Australia Concludes China Responsible for Cyberattack: Australia’s cyber intelligence agency determined that China was responsible for the February 2019 cyberattack on parliament and the country's three largest political parties. The sophisticated attack raised concerns of foreign election interference and gave the perpetrators access to policy papers on topics such as tax and foreign policy, and private email correspondence between lawmakers, their staff, and other citizens. In a report viewed by Reuters, Australia determined Chinese state-sponsored hackers were responsible for the attack in May, but kept the findings secret to avoid disrupting trade relations with Beijing. China denied the allegations.
North Korean Hacking Groups Sanctioned: The U.S. Treasury Department placed sanctions on three North Korean hacking groups allegedly run by North Korea’s primary intelligence bureau. The sanctions targeted the Lazarus Group, behind the WannaCry ransomware attack, and two associated units. U.S. officials say the hacking groups are a key source of revenue for Pyongyang, undermining the global sanctions program meant to coerce Kim Jong-un into giving up nuclear weapons. Last month, a group of experts concluded all reported operations by North Korean hacking groups brought in over $2 billion.
Facebook Heads to Washington: Facebook CEO Mark Zuckerberg was in Washington this week to share his vision for internet regulation and to try to quell lawmakers’ concerns over issues such as data privacy, election security, content regulation, and competition.

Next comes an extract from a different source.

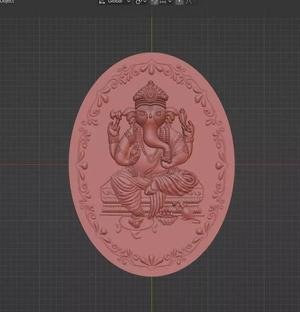 Lord Ganesh Ji Coin Relief Sculpture Design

Zuckerberg met with President Trump and six senators to discuss the role and responsibility of social media platforms in protecting democracy and what steps Congress should take to protect elections, consumer data, and competition in the industry. In a Senate Committee on Commerce, Science, and Transportation hearing this week, a Facebook representative explained the company has proposed a Supreme Court-style board that will rule on the acceptability of content on the site and will include members with "controversial views," attempting to address concerns regarding political biases in content moderation.
U.S. Blacklisting Still Hurting Huawei: The U.S. blacklisting continues to affect Huawei’s business and operations. This week Huawei was suspended from the Forum of Incident Response and Security Teams (“First”), a global trade group where members share information to identify, isolate, and protect against the spread of cyberattacks, due to the lack of clarity on whether the information shared could be considered a restricted technology export.

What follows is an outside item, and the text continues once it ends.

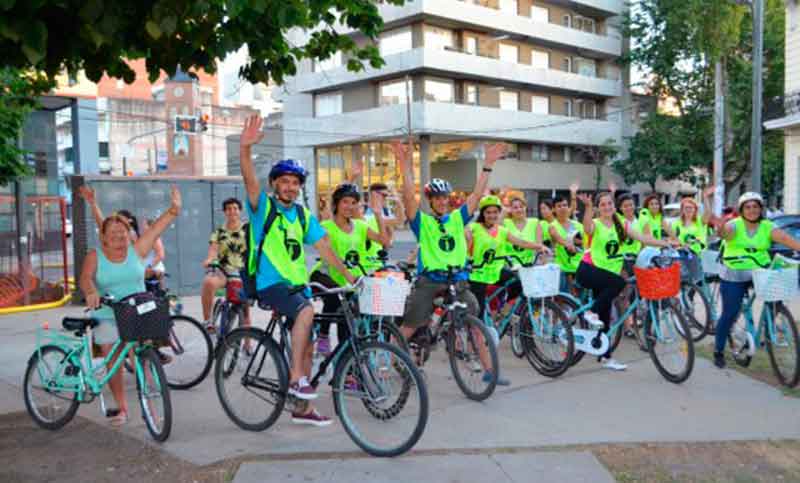 Bicibilizate: se viene la primera bicicleteada nocturna a la Rambla Catalunya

Huawei is still fighting the blacklisting, arguing that treating the company as an agent of the Chinese government is unconstitutional. Microsoft CEO Brad Smith also came out publicly in support of Huawei, and called on the U.S. government to end the blacklisting so Microsoft can supply Huawei with Windows software. Despite these efforts, the United States and Germany amplified their security concerns with 5G technology this week, with U.S. Defense Secretary Mark Esper warning NATO allies that use of Chinese 5G could jeopardize military interoperability and intelligence sharing, and German officials warning the European Commission of the threat of 5G attacks by nation-state actors.
Though Huawei is trying to get off the blacklist, it is still working towards self-reliance. The Financial Times reporting this week the company is spending $1.5 billion to recruit software engineers.